THE TASK: With the pictures left out, restate exactly the part below that opens with the line containing "[Ретро-метро]: Состав Еж3/Ем-508Т" and closes with the line containing "Hyundai Elantra Base".

*** DATA FOR THIS TASK Section Begins ***

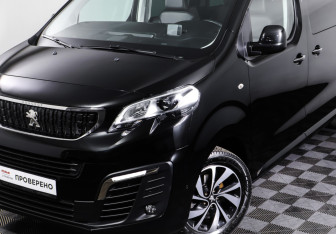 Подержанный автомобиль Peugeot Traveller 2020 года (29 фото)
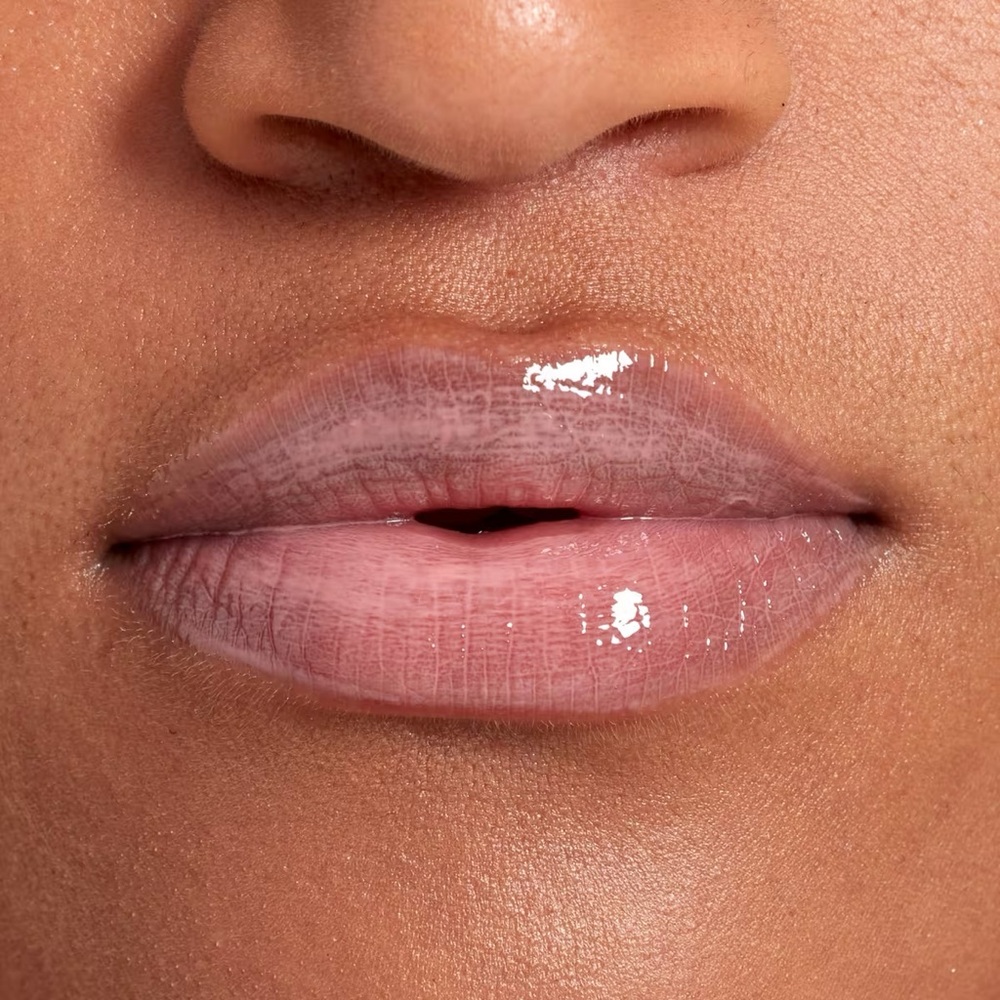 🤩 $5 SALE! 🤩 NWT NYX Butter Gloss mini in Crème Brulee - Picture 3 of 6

*** DATA FOR THIS TASK Section Ends ***
*** DATA FOR THIS TASK Section Begins ***

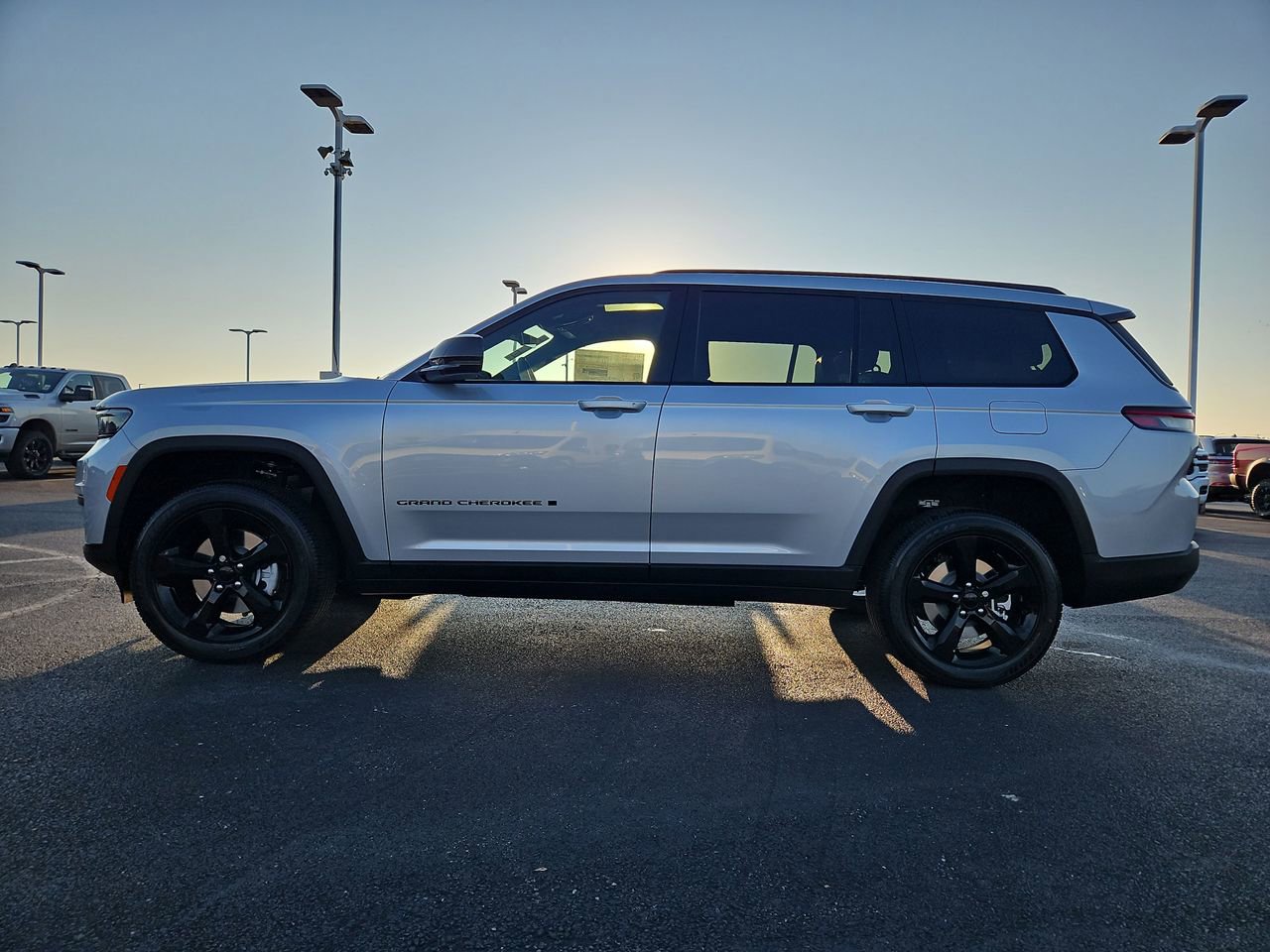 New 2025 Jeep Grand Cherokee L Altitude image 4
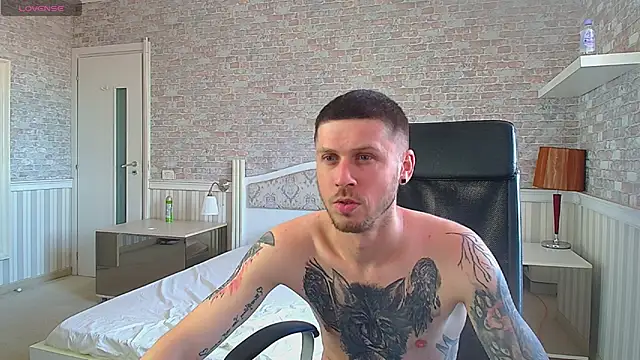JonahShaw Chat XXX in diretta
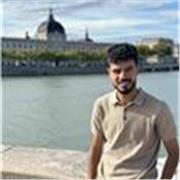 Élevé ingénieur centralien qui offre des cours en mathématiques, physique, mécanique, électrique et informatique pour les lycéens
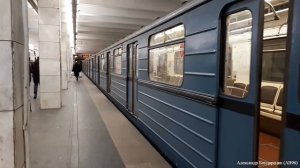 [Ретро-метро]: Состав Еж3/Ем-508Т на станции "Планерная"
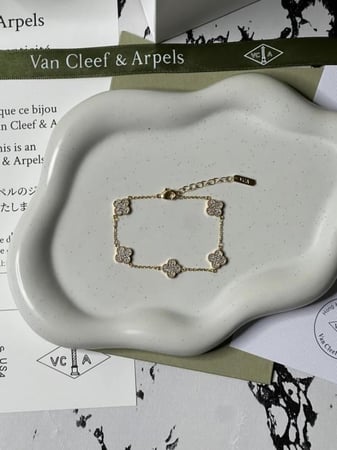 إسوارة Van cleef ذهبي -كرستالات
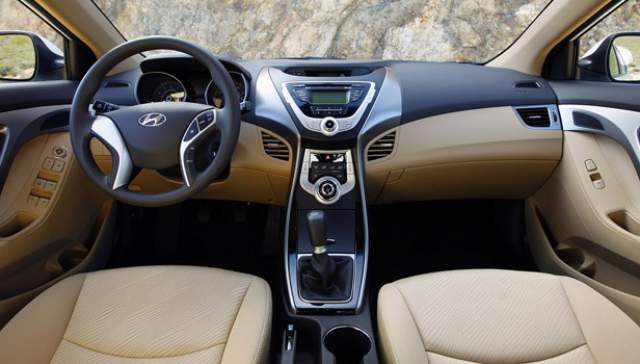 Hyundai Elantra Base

*** DATA FOR THIS TASK Section Ends ***

ANSWER TO THIS PROBLEM:
 [Ретро-метро]: Состав Еж3/Ем-508Т на станции "Планерная"
 إسوارة Van cleef ذهبي -كرستالات
 Hyundai Elantra Base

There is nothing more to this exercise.